The first thing I did was to see if there was any obvious correlations we in the data that I could make use of. The only two numerical attributes in the dataset are "points" and "price". The correlation is exceptionally weak, around 0.46. So that's not too promising. Next I tried finding correlation between "points", "price", "province", "region_1", and "variety" just for fun. The latter three categories aren't numerical attributes, so I used sklearn's ordinal encoder to convert them into numbers. Then, using a scatter matrix, it's pretty obvious again that there's nothing much there either.
tldr: Not much correlation in the dataset currently.
The K-Means algorithm is a pretty simple algorithm capable of clustering this kind of dataset very quickly-although perhaps not very well. There's a whole of different varieties of wines in the world and in this dataset, so I filtered out wines based on whether they had more than 4000 reviews or not, to make sure I had enough descriptions to work with. The majority of wine reviews seem to be on Chardonnays, Pinot Noirs, and Cabernet-Sauvignons, with Red Blends also making a respectable showing.
Next, I used the TfidfVectorizer from sklearn to get the important words in the dataset. Tfidf is short for term frequency-inverse document frequency. It's a numerical statistic that reflects how important a word is to a document. A word's tfidf value increases proportionally to the number of times a word appears in a description and is offset by the number of descriptions in the corpus that contain the word. I also filtered out things like punctuation marks, numbers, and words like 'flavor' which appear very frequently but don't help me narrow down what type of wine I'm looking at. I also used a stemmer so a word and its plural/possessive are treated the same.
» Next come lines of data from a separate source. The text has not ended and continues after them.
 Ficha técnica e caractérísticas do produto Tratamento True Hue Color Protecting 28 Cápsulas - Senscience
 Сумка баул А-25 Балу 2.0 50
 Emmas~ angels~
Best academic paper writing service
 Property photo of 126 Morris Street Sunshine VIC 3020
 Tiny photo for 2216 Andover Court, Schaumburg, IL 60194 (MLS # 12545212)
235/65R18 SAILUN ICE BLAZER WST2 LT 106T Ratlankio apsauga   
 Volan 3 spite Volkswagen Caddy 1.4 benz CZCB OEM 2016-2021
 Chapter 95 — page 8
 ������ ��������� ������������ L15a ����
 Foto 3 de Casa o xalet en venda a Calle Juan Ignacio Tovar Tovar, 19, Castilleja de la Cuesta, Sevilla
My first shot I decided to use 15 clusters of words to try and group the dataset, just to see what would happen. The word clusters came out ok I guess, although one small thing is that some clusters contained the name of the wine in it. I created a heat map of which wine varieties mappen to which clusters, and obviously Chardonnay mapped to the cluster with 'chardonnay' in it. I honestly don't know if that's letting the computer cheat lol. I might filter out the names from the descriptions later and see how that changes things.
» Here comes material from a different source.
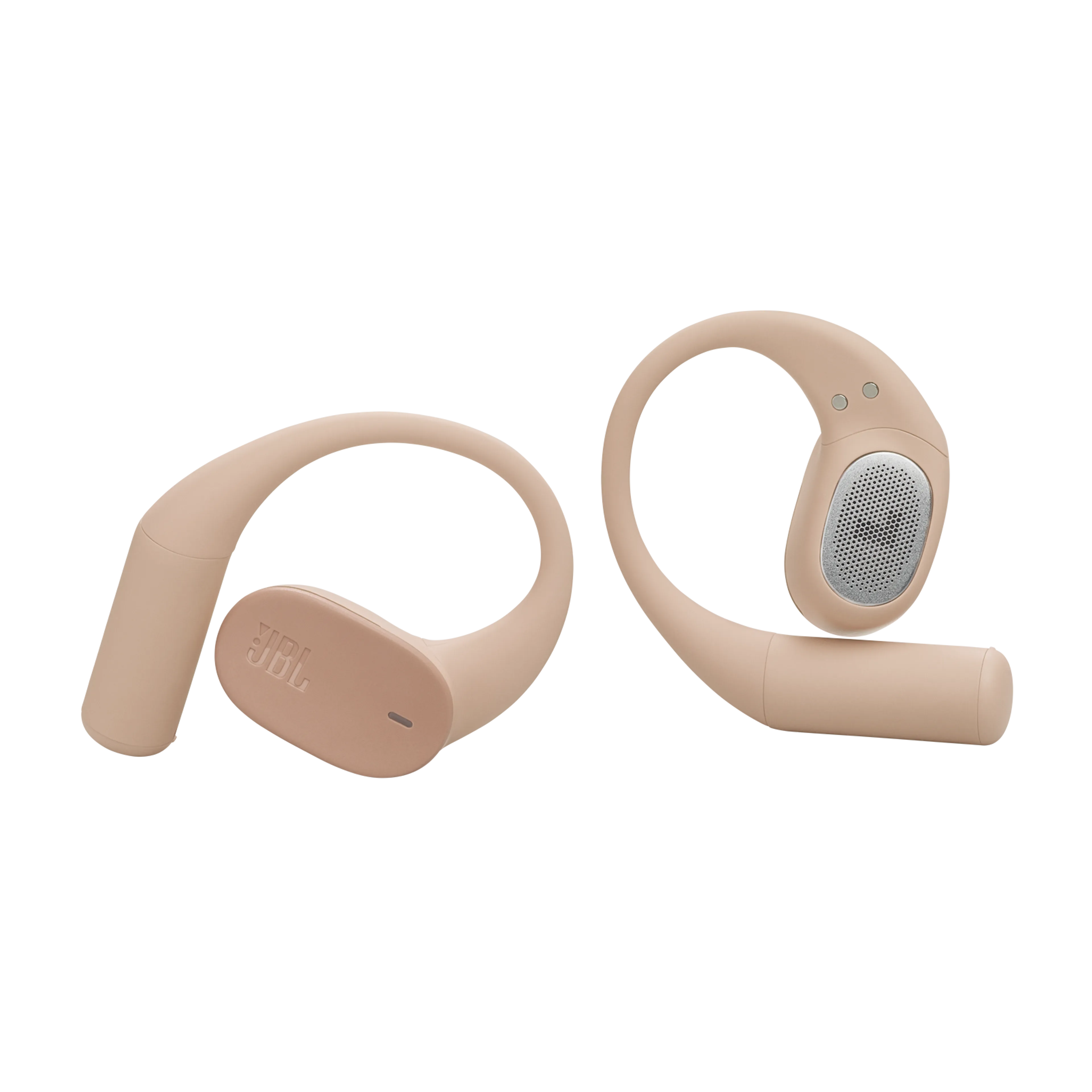 JBL Écouteurs Sense Lite - Beige image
Next step was to analytically see if there was an optimal number of clusters. I frist tried the elbow-methid. This step took a while using straight up K-Means, so I used Mini-batch K-Means to speed up the process. I figured that since the centroids are probably going to be so small anyways (as confirmed by the silhouette scores later), mini-batch wouldn't significantly hurt my results. And the inertia from either K-Means or Mini-batch K-Means was super high regardless so again, doesn't matter which variant of K-Means. The elbow method didn't reveal that much. It was a pretty convex curve down, with no obvious elbow. So I tried a silhouette score next. That got me some K values that appeared optimal, and I ended up going with 21 clusters.
Do not try it.
Ok well if I used a smaller set to cluster it might work something out eventually. Looking at the graphs of inertia vs k from the K-Means approach, the inertias are abhorrently large. This translates to the mean squared distance between each instance and its closest centroid being very very large, aka it will be very difficult for DBSCAN to define clusters of high density. I tried initializing the DBSCAN with a very big epsilon (it sort of controls the size of the cluster), but the problem with that is Scikit-Learn's implementation of DBSCAN approaches a memory requirement of O(m^2) when epsilon is large, and my computer was extremely unhappy with that.
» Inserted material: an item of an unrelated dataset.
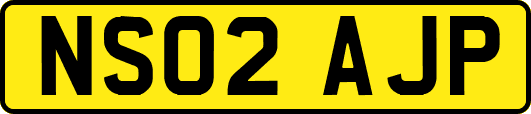 NS02AJP
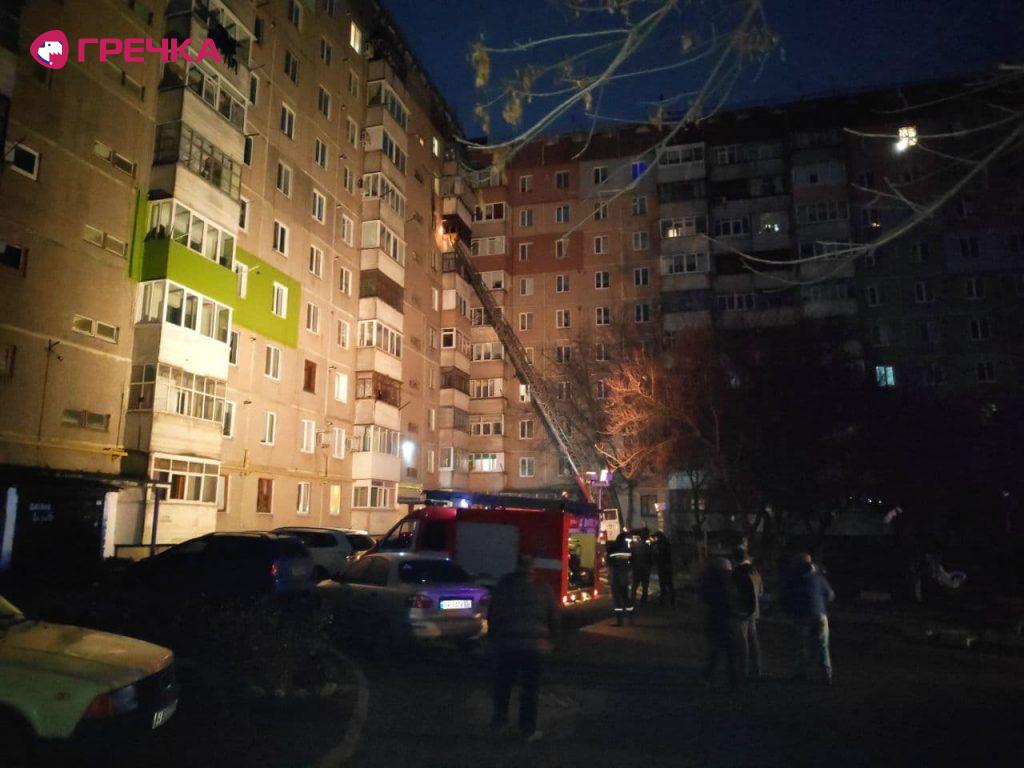 Кв3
So this one I just tried because it's hypothetically faster than batch K-Means while giving similar results and is designed for large datasets. However the more features there are, the less effective it becomes, and there are a lot of features. BIRCH works by building a tree structure that contains just enough information to quickly assign each new instance to a cluster, and by setting the threshold value as high as possible (which limits the amount of branching), I was able to get BIRCH to identify 66 clusters. Not ideal, but it's better than nothing. Although when constructing a heat map it seems to like mapping everything to one cluster so I have to dig in to that.